Walmart-owned PhonePe is one of India’s largest fintech platforms with billions of transactions. Most people know it as a consumer app for peer-to-peer transactions, but central to PhonePe’s strategy is its B2B infrastructure that lets online businesses accept payments, manage merchants, and keep money moving reliably at scale. During 2023, PhonePe was focused on growing its B2B business and our team was expanding rapidly in the Small and Medium Business (SMB) domain with new ways to let businesses collect payments online.
Payment Links: Designing for merchants who don’t have websites
There’s a large and growing segment of Indian online commerce that doesn’t fit the standard e-commerce mold: Instagram sellers, tutors, freelancers, small service providers. They have customers, they have demand, but no website, no checkout flow, and no clean way to collect payments online.
We created payment links precisely for this group. A merchant generates a link, shares it over WhatsApp, SMS or a DM, and the customer pays through a PhonePe-hosted page. Many of these merchants had never used a business payment product before, and that required us to provide robust self-onboarding and an attentive customer support team. As we rapidly scaled payment links to tens of thousands of merchants, we received feedback that led to in-app guidance, test mode, and incremental improvements in the payment page for end users.
Redesigning checkout for lower drop-off
Drop-off at the payment step means lost transactions for the merchant, for PhonePe, and for the customer who gave up and went elsewhere.
Using drop-off insights from the payment funnel data, we redesigned the checkout page including payment options, information hierarchy, the order we used to rank payment methods on the page, communication of errors we were showing, and ability to retry payment at different points in the funnel when we encountered issues. Each of these sounds like a small fix, but together they compounded into a significant lift in transaction completion rates.
The more interesting work was the personalisation layer. We did research across dozens of online businesses to understand how their customers actually paid, what instruments they preferred, where they dropped off, and why. That fed into a strategy to rank payment options dynamically based on user behaviour rather than static defaults. Discussions to align engineering, data science, and business stakeholders revealed many new dimensions to consider before we started to design the experience.
Fraud detection and guardrails
Every new payment method is a new surface for bad actors. When we launched new payment options, we started seeing new signals that pointed to vulnerabilities in the platform relying on both static guardrails and ML-based fraud detection to identify patterns and block attacks in real time.

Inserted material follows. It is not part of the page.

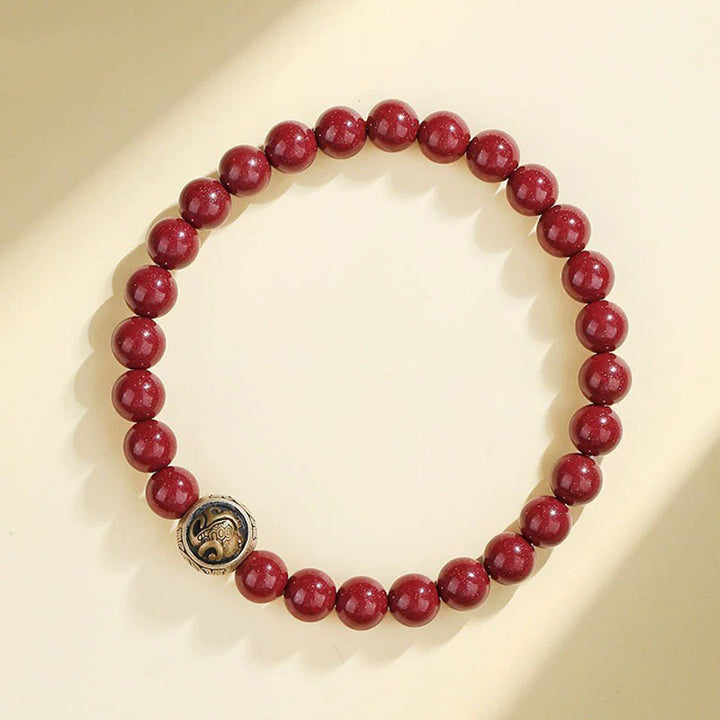 Pulsera de bendición de las cuatro bestias con cinabrio natural de plata de ley 925 con Buddha Stones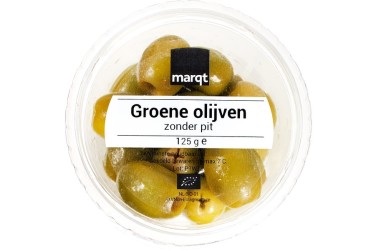 Biologische Groene Olijven (Marqt, 125 gram)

The process involved close collaboration with the risk and data science teams to define signals, set thresholds, and build override mechanisms for edge cases. The experience of our enterprise and SMB sales teams came in very handy when we wanted to strike a balance between being conservative (which blocks even genuine transactions from merchants that are growing their business rapidly) and being flexible (which is riskier).
Fraud detection is an ever-evolving sphere because new vulnerabilities pop up with most new features. Involving the risk assessment teams early establishes a strong work ethic that avoids loss of monetary value for merchants, users, and PhonePe.
What makes B2B payments hard
A few things I didn’t fully appreciate before working in this space:
1/ The regulatory surface is enormous. Every product decision has a compliance dimension including NPCI guidelines, Reserve Bank of India (RBI, India’s central bank and regulatory body) mandates, and Fraud and Risk Analysis requirements. You’re never just shipping a feature; you’re shipping a feature that has to work within a framework that changes constantly and one that you don’t control. PhonePe’s strong collaboration with Indian regulatory authorities set it up for success.
2/ Trust is the actual product. Merchants don’t evaluate payment gateways the way consumers evaluate apps. They evaluate reliability, support responsiveness, and whether their settlement will arrive on time. A feature that’s 99% reliable is not good enough when the 1% means a merchant’s customer couldn’t pay or they lost money.
3/ Scale amplifies everything. A small error rate looks manageable in testing. At hundreds of millions of transactions, it’s thousands of failures a day. Building at PhonePe’s scale forces a discipline around error handling, edge cases, and monitoring that’s hard to develop any other way.